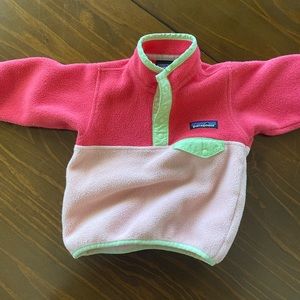 Patagonia 6-12M Baby Lightweight Synchilla Snap-T Pullover Colorblock Pink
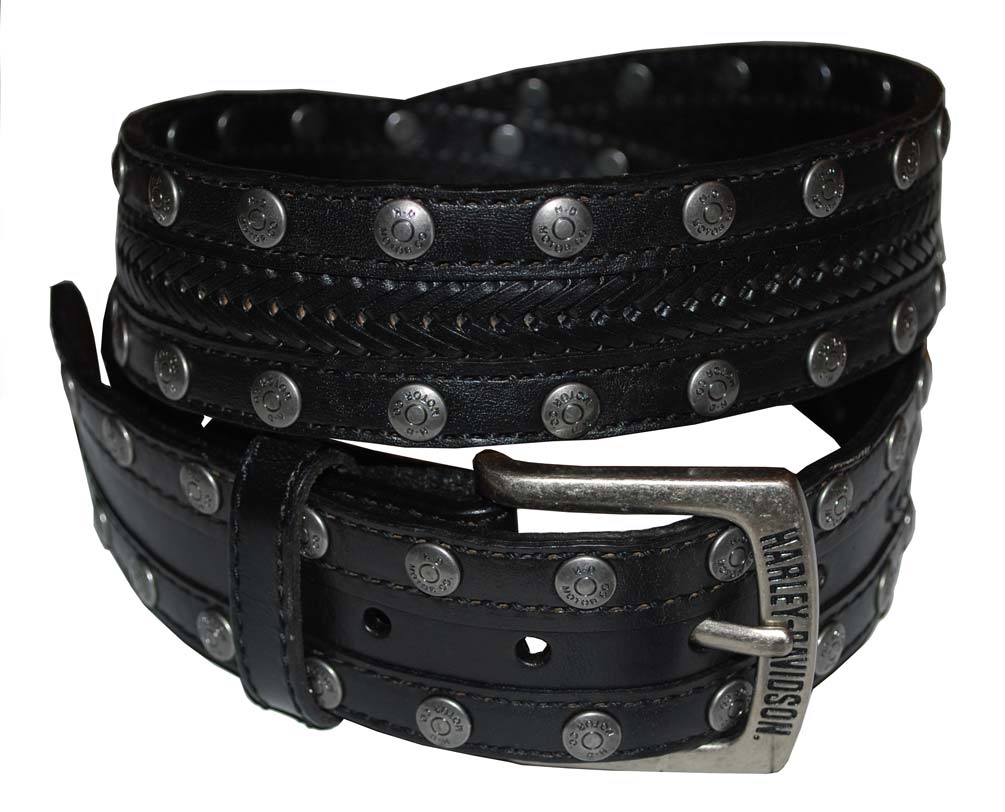 Harley-Davidson Mens Slick Leather Belt HDMBT10018 - Wisconsin Harley-Davidson
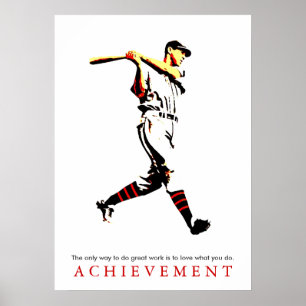 Póster Jogador de beisebol retro inspirador da realizaç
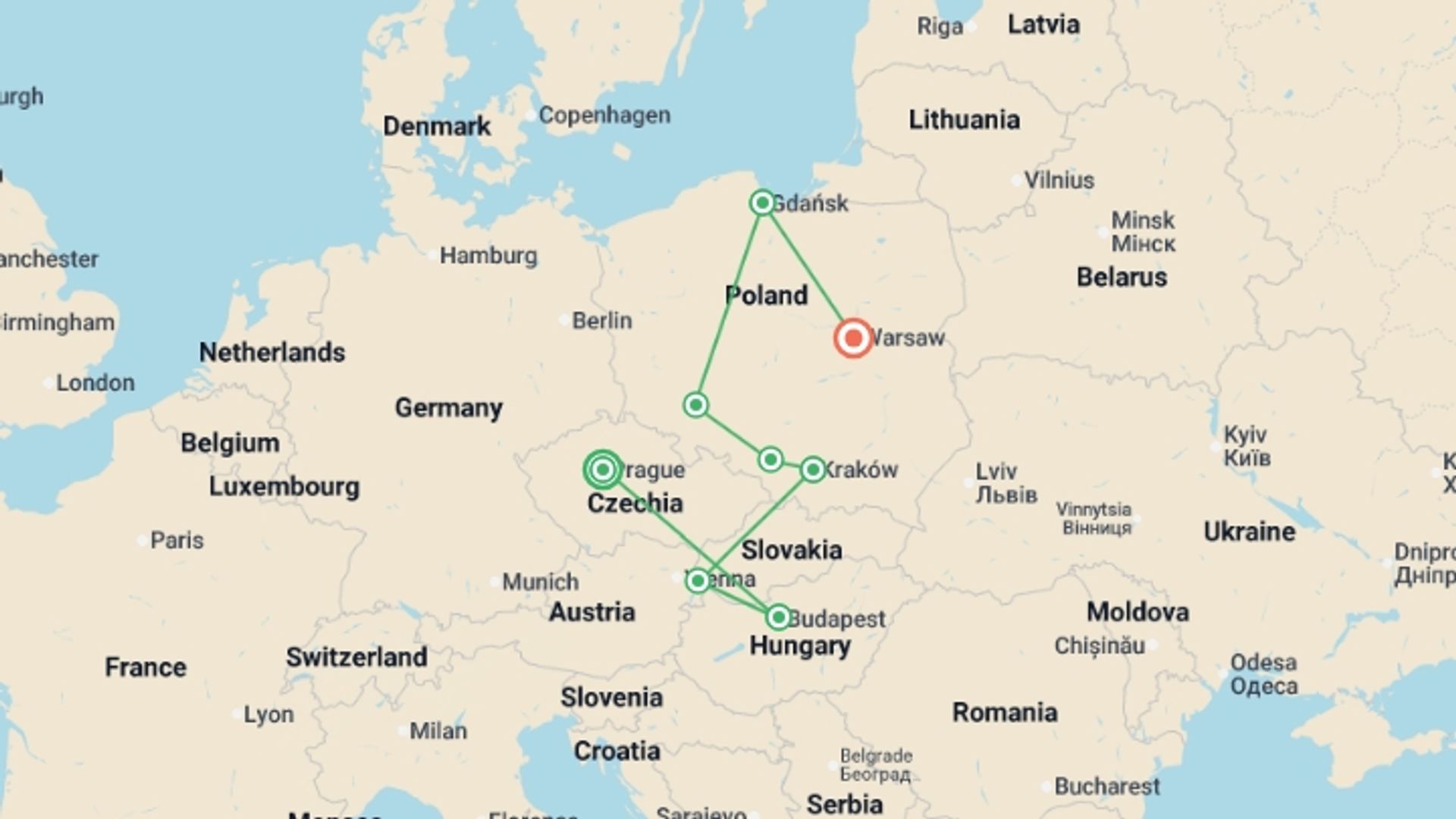 A map showing the tour itinerary for the trip: Czech Republic, Budapest, and Wonders of Poland, starting in Prague, Czech Republic and ending in Warsaw, Poland going through 5 other destinations.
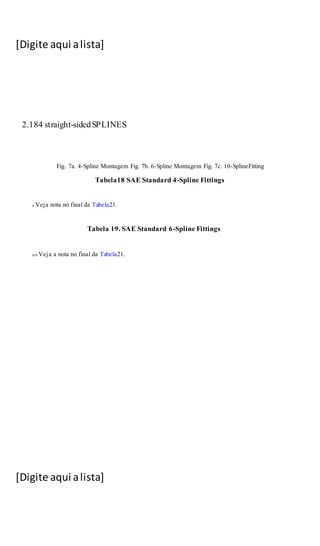 [Digite aqui alista]
[Digite aqui alista]
2.184 straight-sidedSPLINES
Fig. 7a. 4-Spline Montagem Fig. 7b. 6-Spline Montagem Fig. 7c. 10-SplineFitting
Tabela18 SAE Standard 4-Spline Fittings
a Veja nota no final da Tabela21.
Tabela 19. SAE Standard 6-Spline Fittings
um Veja a nota no final da Tabela21.
 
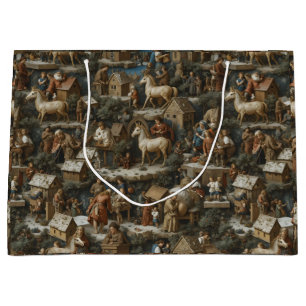 Christmas Pattern  Vintage Art Large Gift Bag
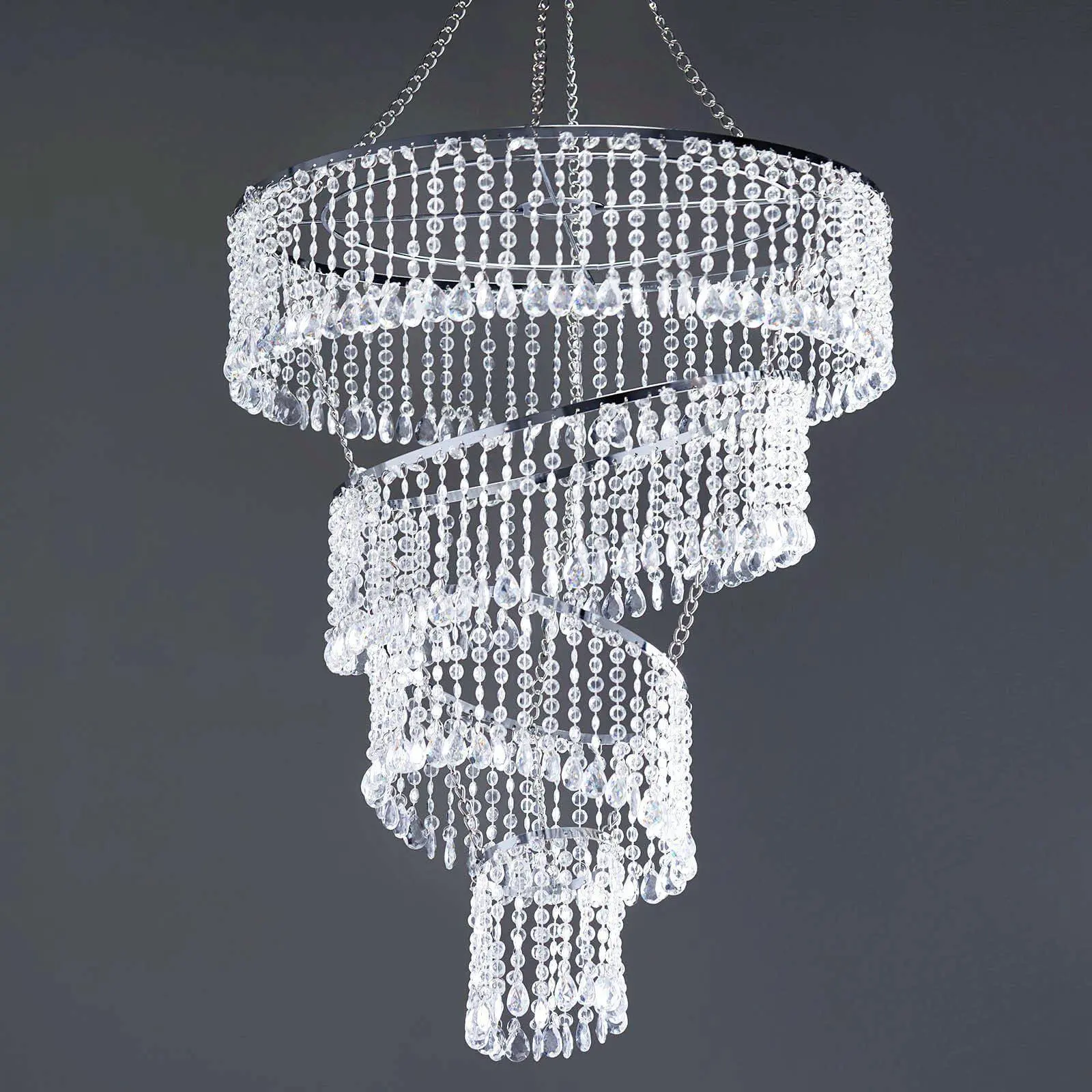 24" 4-Tier Acrylic Diamond Crystal Chandelier Hanging Pendant Chandelier
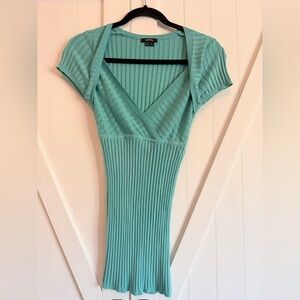 XOXO Mint Green Ribbed V-Neck Short Sleeve Dress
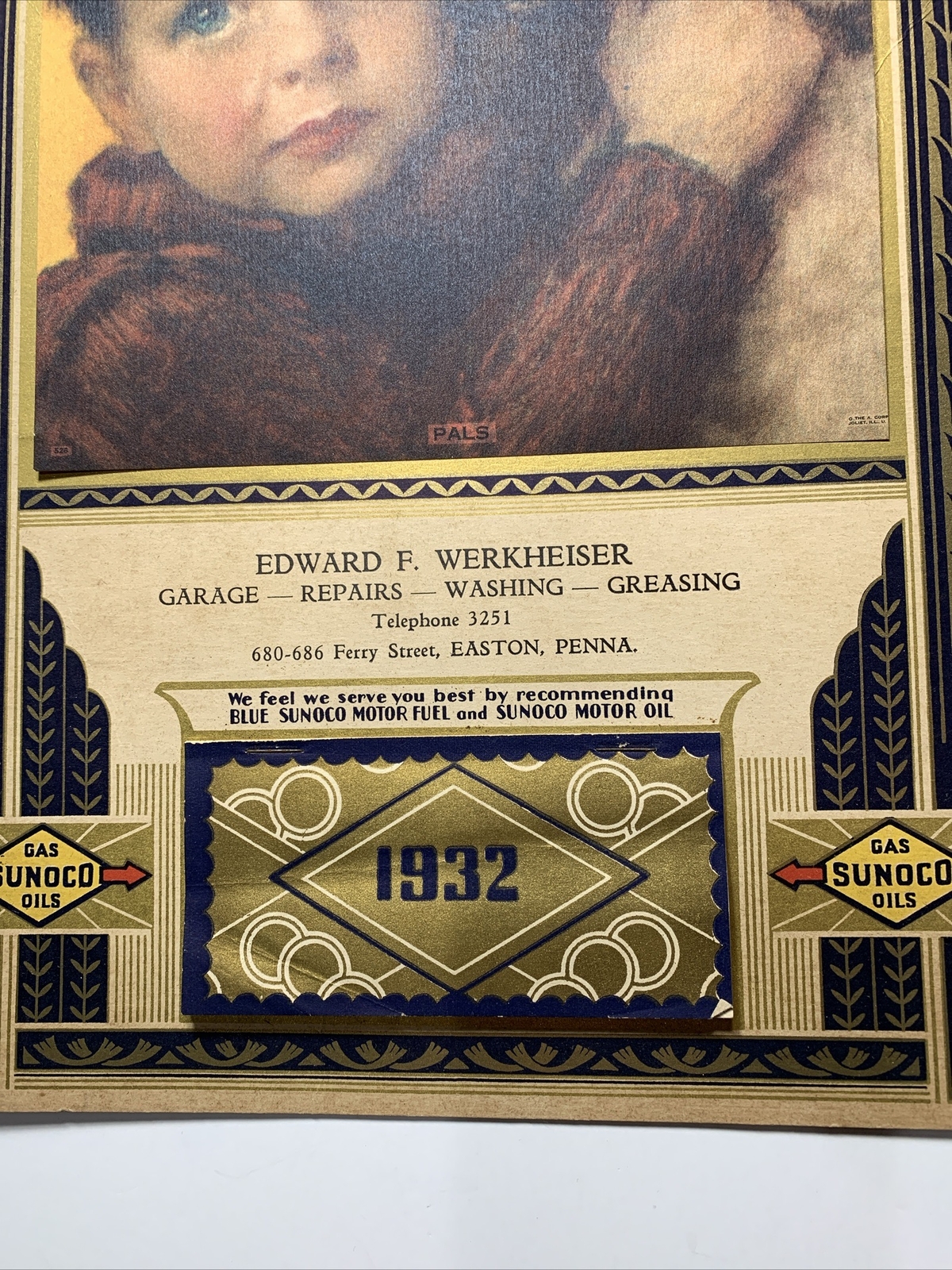 1932 Sunoco Gas Oil Advertising Calendar Sign Easton Pennsylvania Boy & Dog Art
------------
▶ [What the task asks]: Could you report how many lines in the data above include the word "nota"? Give the number and nothing more.

▶ [Exercise output]: 2